The link to this dataset is: https://www.kaggle.com/deepmatrix/imdb-5000-movie-dataset
The dataset has just one CSV file, called 'movie_metadata.csv'
The dataset already existed in a CSV file. This python code (fetchdata.py) just reads all the tuples of the CSV file, segregates it and saves the entire information in 2 new files (data-line.csv & data-hist.csv). The important cleaning of the data is being taken care by linechart.py and histogram.py
Input
Takes the respective CSV files as input.
1.1 Before accessing the file it checks for the existence of the CSV files
Cleaning
Selects the required columns, and cleans data accordingly. (Calling 'clean' function)

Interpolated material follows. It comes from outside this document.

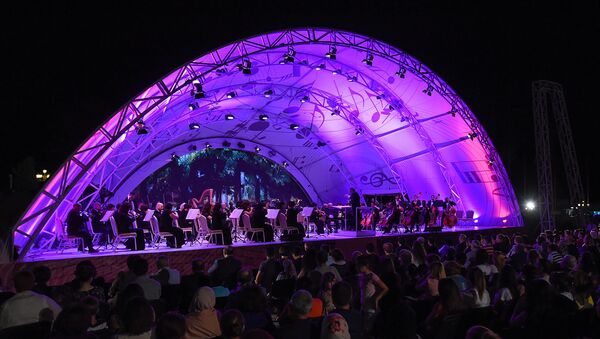 Концерт Азербайджанского государственного симфонического оркестра в рамках IX Габалинского международного музыкального фестиваля - Sputnik Азербайджан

2.1 Selecting required information (columns) of all the rows led to buggy data in some rows. This happened because of existence of ',' in the data, and the row information is being split by ',' which causes the columns to shift
2.2 The column inputs of every row are checked logically, before the row is added to the clean data
2.3 This 'clean' function returns a list of lists and the count of the rows before cleaning.
2.4 The program displays the number of buggy rows deleted after cleaning, in both the programs.
Analysis
After this, both the files have different ways of analysing the data.
- linechart.py is cleaning for 'director_name', 'genres', 'title_year', 'imdb_score' and analysing count of movie releases from 1916 to 2016, which is the oldest and the latest year of movie releases in the data.
- histogram.py is cleaning for 'title_year', 'num_critic_for_reviews', 'num_user_for_reviews', 'director_facebook_likes' and analysing the frequency of number of critic reviews, number of user reviews and number of facebook likes for director.
Visualization
The plotting of linechart is by matplotlib.pyplot.plot and plotting of histogram is by matplotlib.pyplot.hist
Visualization Files generated by linechart.py:
linechart.png (Number of movie releases / Per Year)
linechart1.png (Number of movie releases / Per 4 Years)
linechart2.png (Number of movie releases / Per 5 Years)
linechart3.png (Number of movie releases / Per 10 Years)
linechart4.png (Number of movie releases / Per 20 Years)
Visualization Files generated by histogram.py:
histogram.png (Frequency / Number of Critic Reviews)
histogram1.png (Frequency / Number of User Reviews)
histogram2.png (Frequency / Number of Director Facebook Likes)